*PROBLEM DETAILS*
Can the lines below, from the one that holds "South Asian bride" to the very end, be echoed exactly, with both ends included and no pictures?

Dataset records
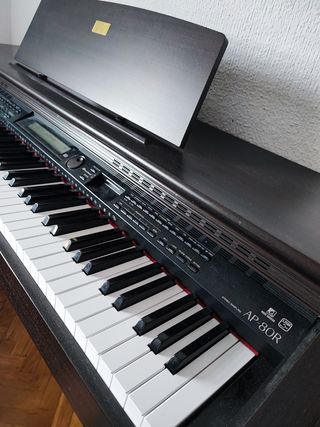 Piano de pared/ Casio
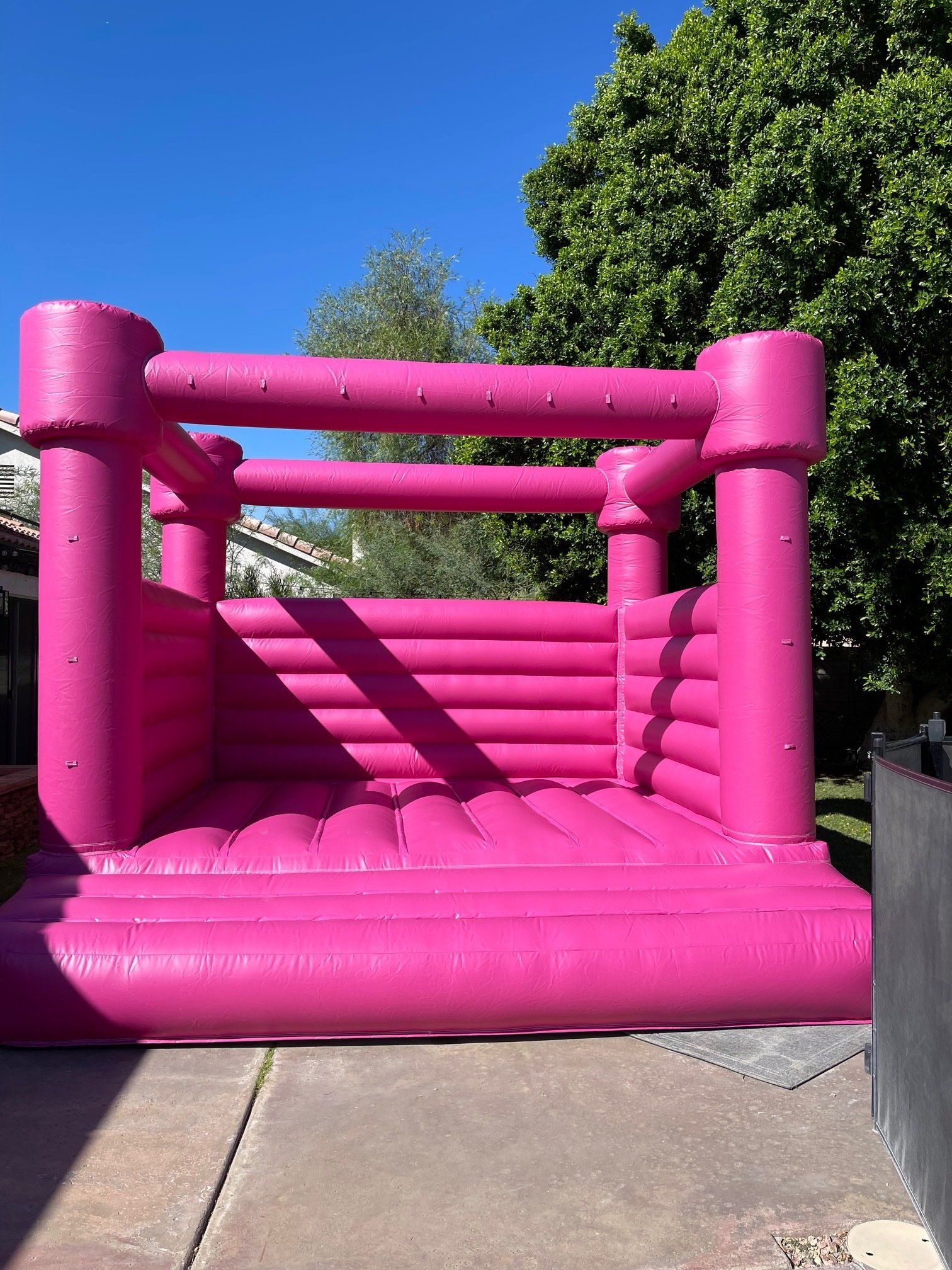 Bright pink inflatable bounce house on a sidewalk, with trees and blue sky behind it.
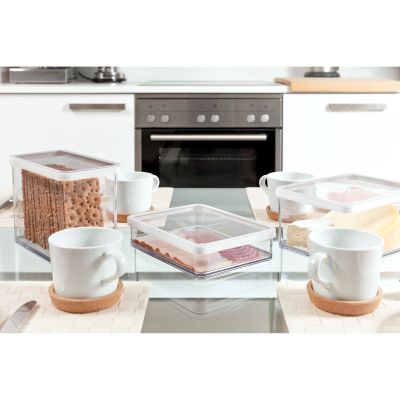 Transparente Vorratsdose mit Gebäck auf einem Tisch neben Geschirr und Getränken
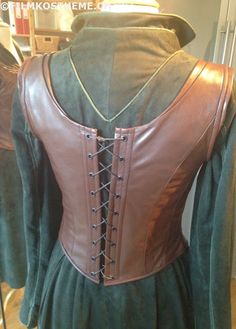 a green dress with brown leather details on the front and back, sitting on a mannequin's dummy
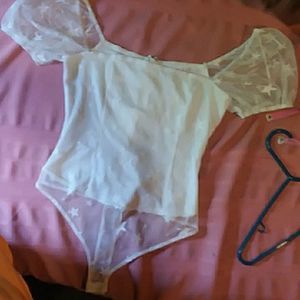 Le Lis small white stars bodysuit with puffy sleeves off shoulder.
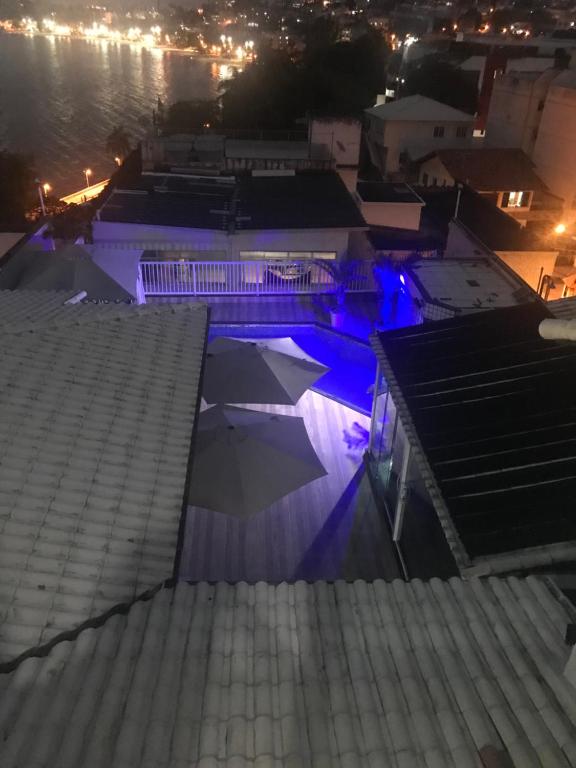 a night view of a swimming pool with blue lights at Hotel Pousada Irmaos Freyhardt in Rio de Janeiro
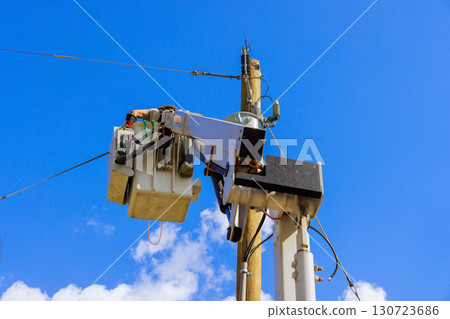 Maintenance crew uses bucket truck to check wires on tall utility pole under works day Maintenance crew uses bucket truck to check wires on tall utility pole under works day 130723686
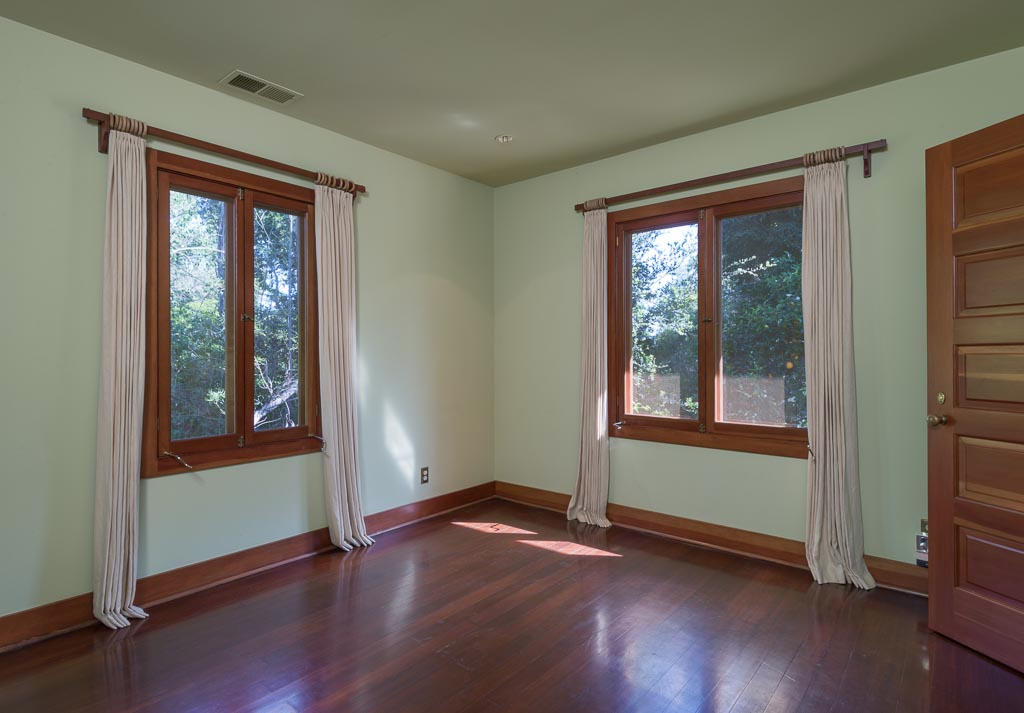 699 San Ysidro Road Montecito, CA 93108 - Photo 29 of 36 an empty room with wooden floor and windows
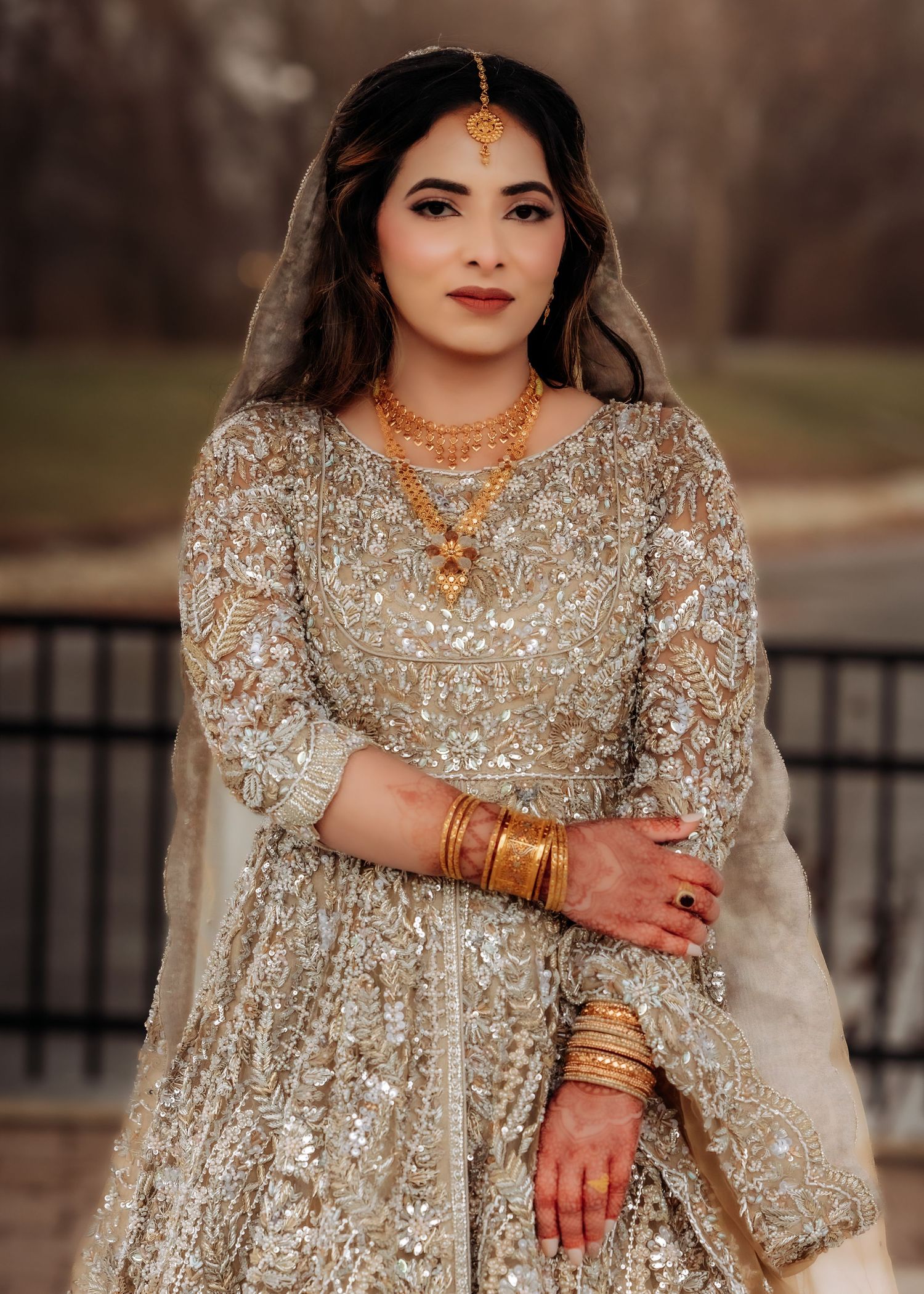 South Asian bride in heavily embroidered gold lehenga with maang tikka and gold jewelry.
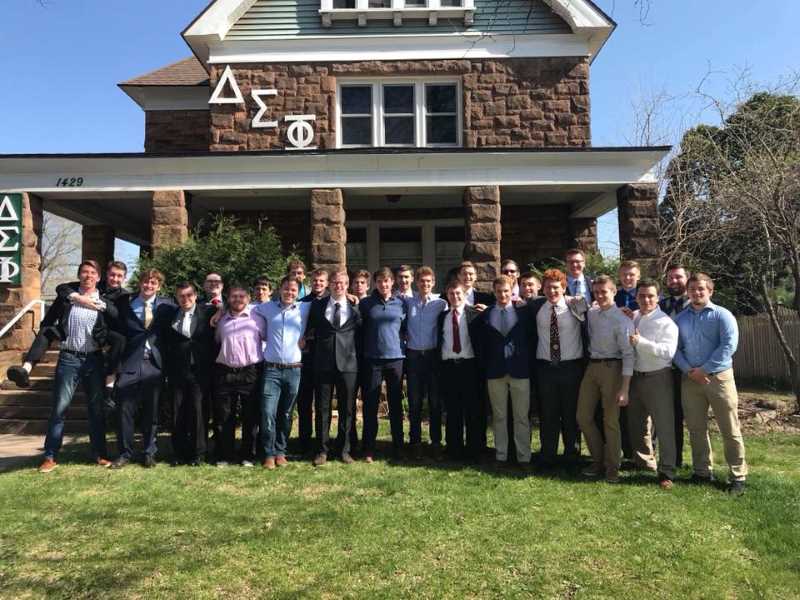 Members of Delta Sigma Phi standing outside of their house.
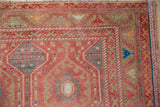 Distressed Oushak runner corner, serrated border and rams horn motif in dusty red.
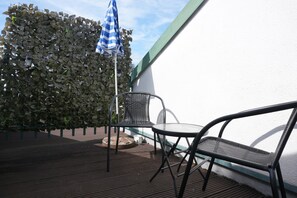 An outdoor seating area with two chairs and a table, a blue and white striped umbrella, and a hedge in the background.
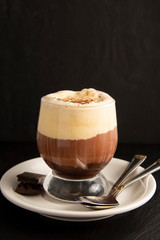Coffee affogato with vanilla ice cream and espresso. Glass with coffee drink and icecream. Copy space.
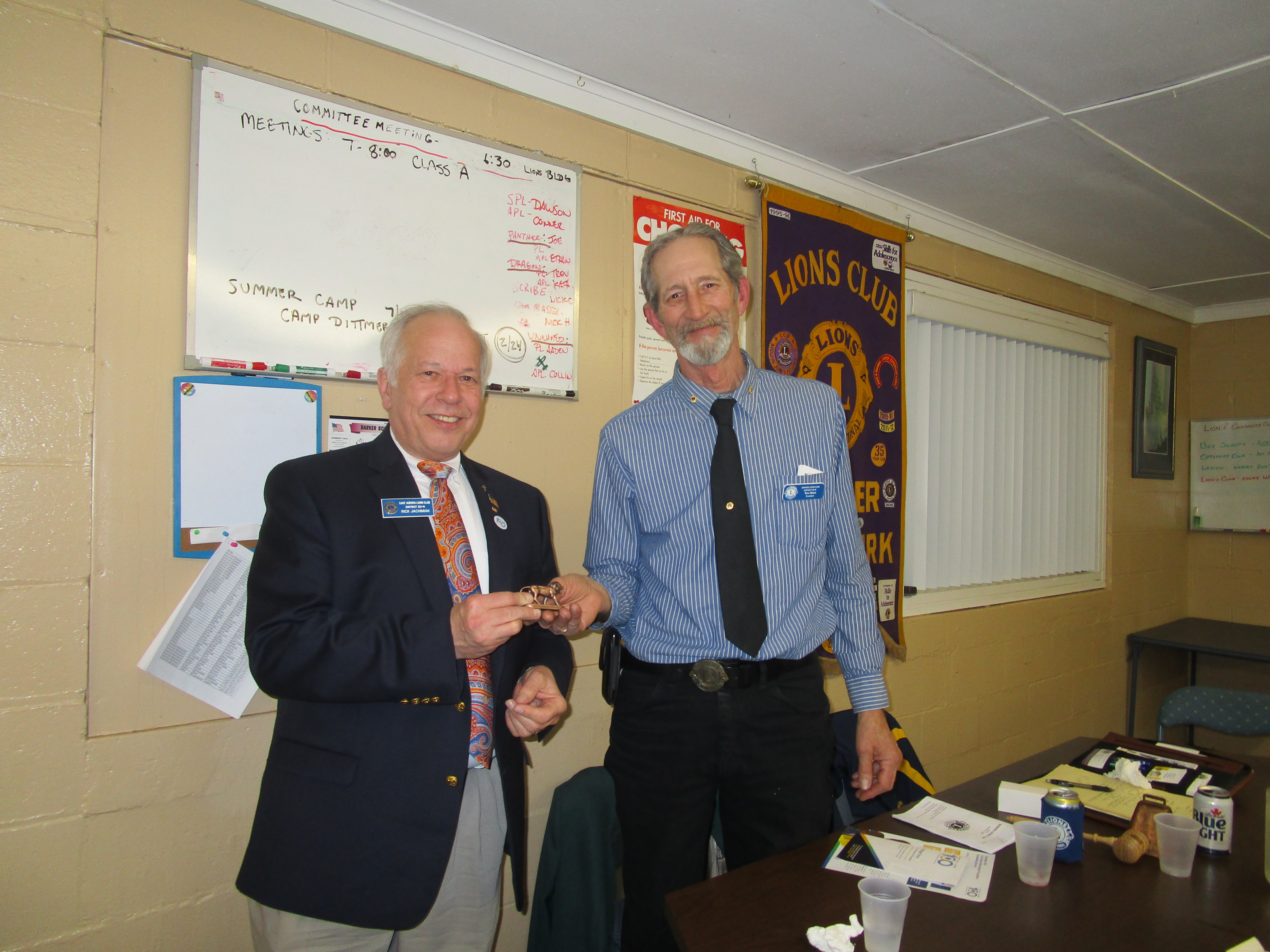 Lion Rich Jacimiak received a thank you gift from Barker Lion President Tom Ware.
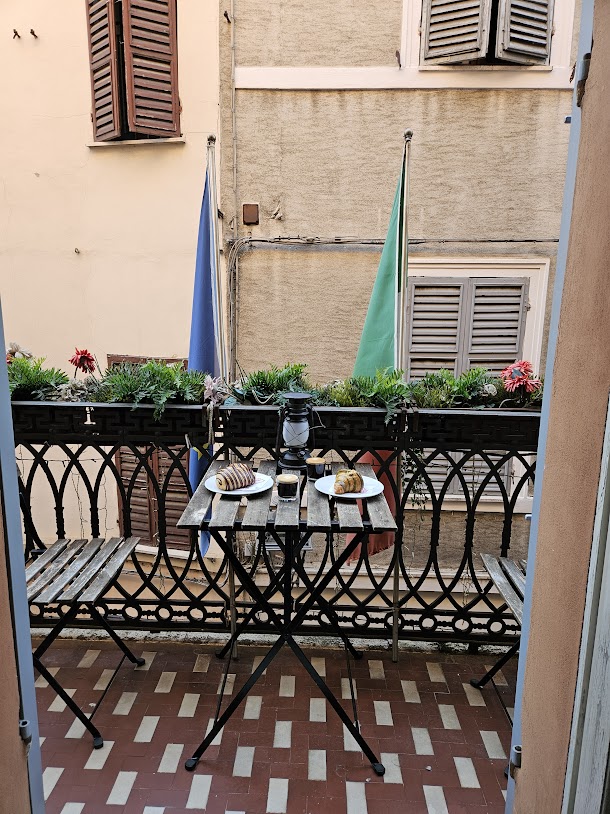 View of Parma, Italy AirBNB balcony showing a table and chairs with two croissants and espressos and flower boxes on the railing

*EXERCISE RESPONSE*
 South Asian bride in heavily embroidered gold lehenga with maang tikka and gold jewelry.
 Members of Delta Sigma Phi standing outside of their house.
 Distressed Oushak runner corner, serrated border and rams horn motif in dusty red.
 An outdoor seating area with two chairs and a table, a blue and white striped umbrella, and a hedge in the background.
Coffee affogato with vanilla ice cream and espresso. Glass with coffee drink and icecream. Copy space.
 Lion Rich Jacimiak received a thank you gift from Barker Lion President Tom Ware.
 View of Parma, Italy AirBNB balcony showing a table and chairs with two croissants and espressos and flower boxes on the railing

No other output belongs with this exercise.